What are the lines, word for word, from the line with "[あわのちから (希望皇ソープ)] 先生、ちょっと精液いただきますわ" up to and including the line with "Обучающая игра" in the records below? Omit the pictures.

THE DATA –
————
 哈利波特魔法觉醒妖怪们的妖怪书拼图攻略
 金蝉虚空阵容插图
————
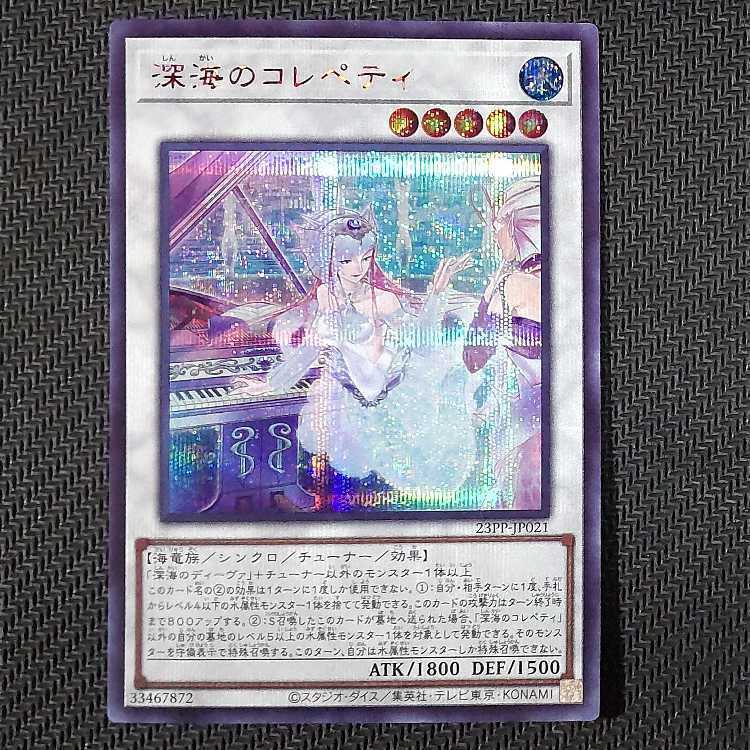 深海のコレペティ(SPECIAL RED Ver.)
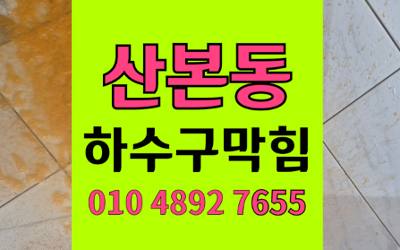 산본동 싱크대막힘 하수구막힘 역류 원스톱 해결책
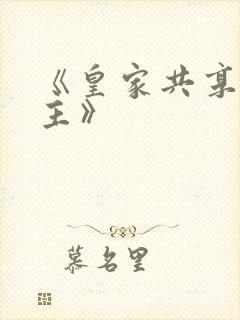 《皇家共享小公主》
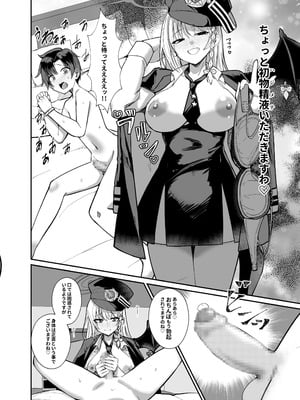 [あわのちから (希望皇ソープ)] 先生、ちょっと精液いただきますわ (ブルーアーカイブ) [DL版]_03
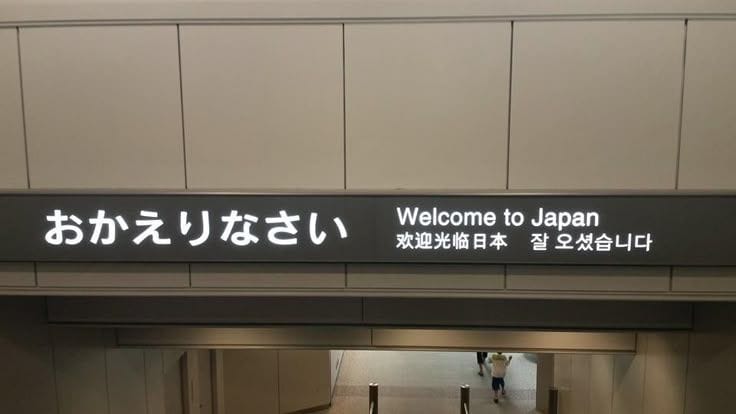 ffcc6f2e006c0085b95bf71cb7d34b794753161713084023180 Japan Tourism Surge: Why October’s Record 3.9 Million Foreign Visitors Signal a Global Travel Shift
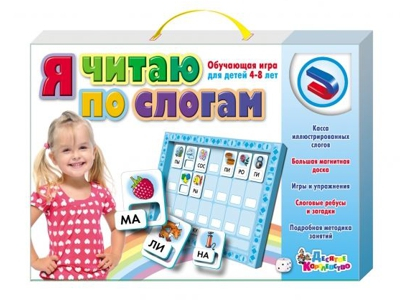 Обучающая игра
————
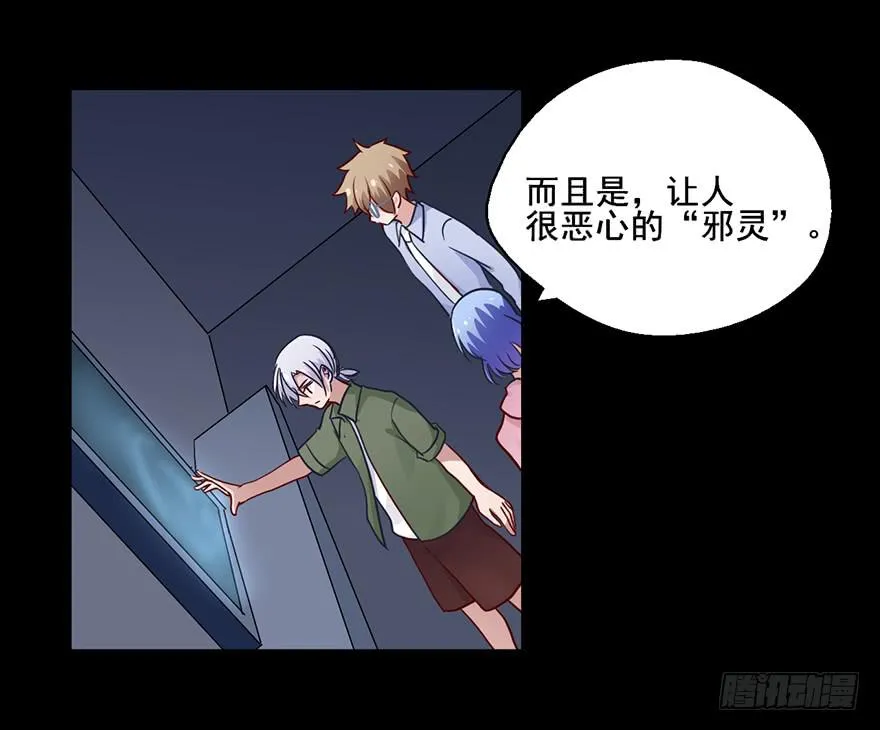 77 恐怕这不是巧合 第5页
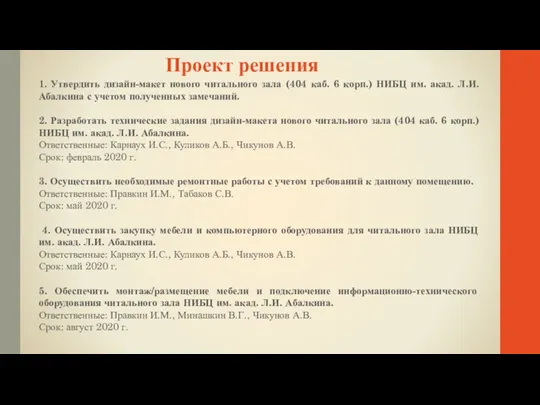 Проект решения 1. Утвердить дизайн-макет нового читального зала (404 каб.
————
OUTPUT FOR THIS TASK –
 [あわのちから (希望皇ソープ)] 先生、ちょっと精液いただきますわ (ブルーアーカイブ) [DL版]_03
 ffcc6f2e006c0085b95bf71cb7d34b794753161713084023180 Japan Tourism Surge: Why October’s Record 3.9 Million Foreign Visitors Signal a Global Travel Shift
 Обучающая игра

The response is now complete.